**Directions for this task**
Starting with the line that contains "Dicembre - Boxing Day da George Cruikshank", copy every line through the end of the listing, exactly and only those. No pictures should appear in the copy.

**Data block**
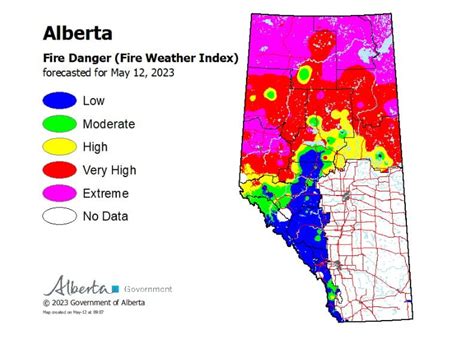 Slave Lake Forest Area Wildfire Update May 12 2023 Fire Ban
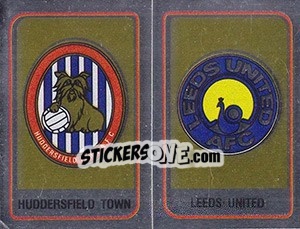 Figurina Huddersfeld Town / Leeds United Badge - UK Football 1983-1984 - Panini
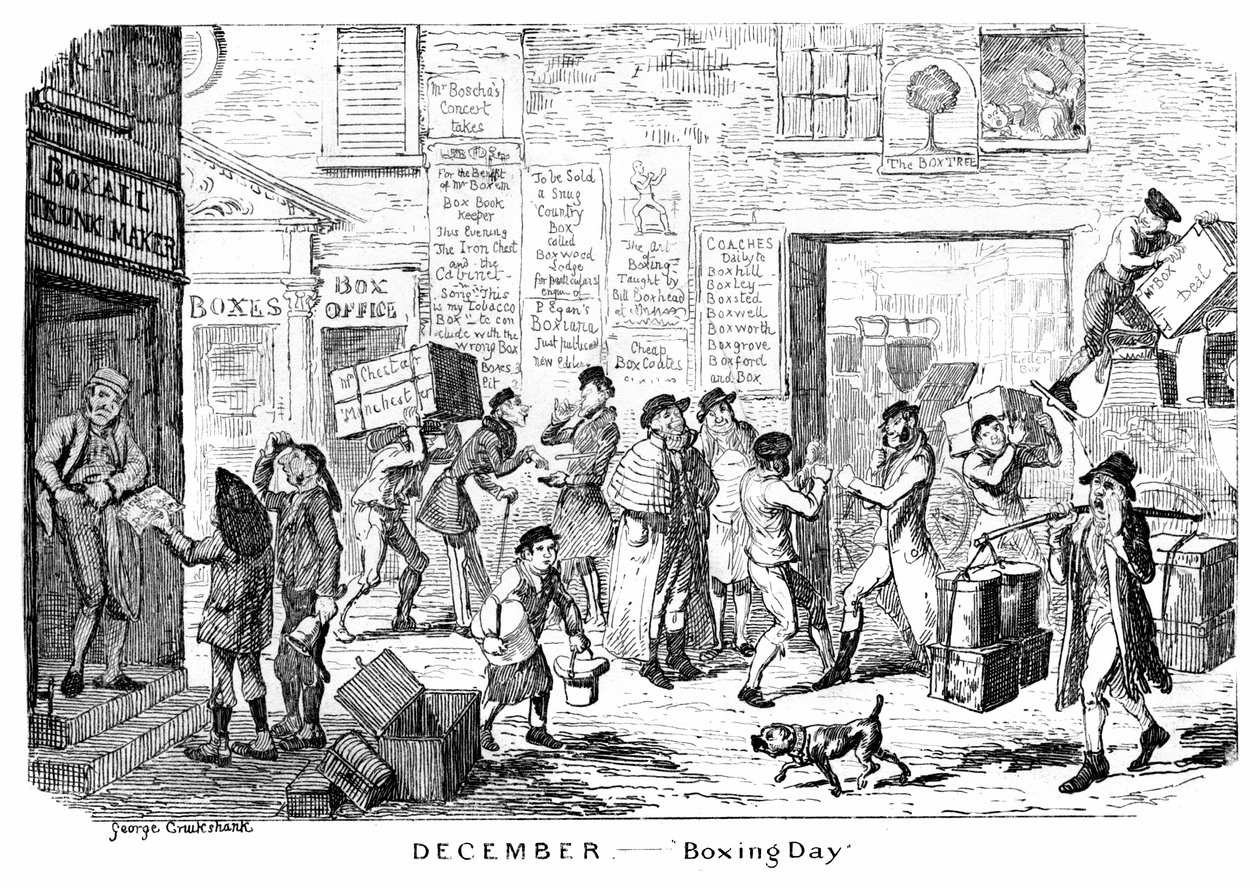 Dicembre - Boxing Day da George Cruikshank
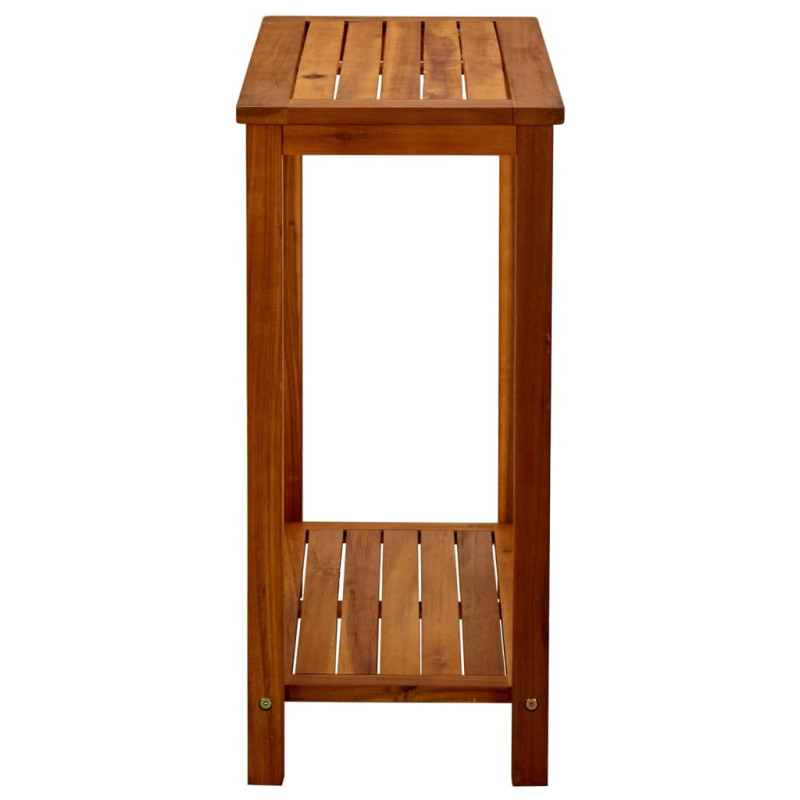 Ogrodowy stolik konsolowy, 80x35x75 cm, lite drewno akacjowe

**Answer section**
 Dicembre - Boxing Day da George Cruikshank
 Ogrodowy stolik konsolowy, 80x35x75 cm, lite drewno akacjowe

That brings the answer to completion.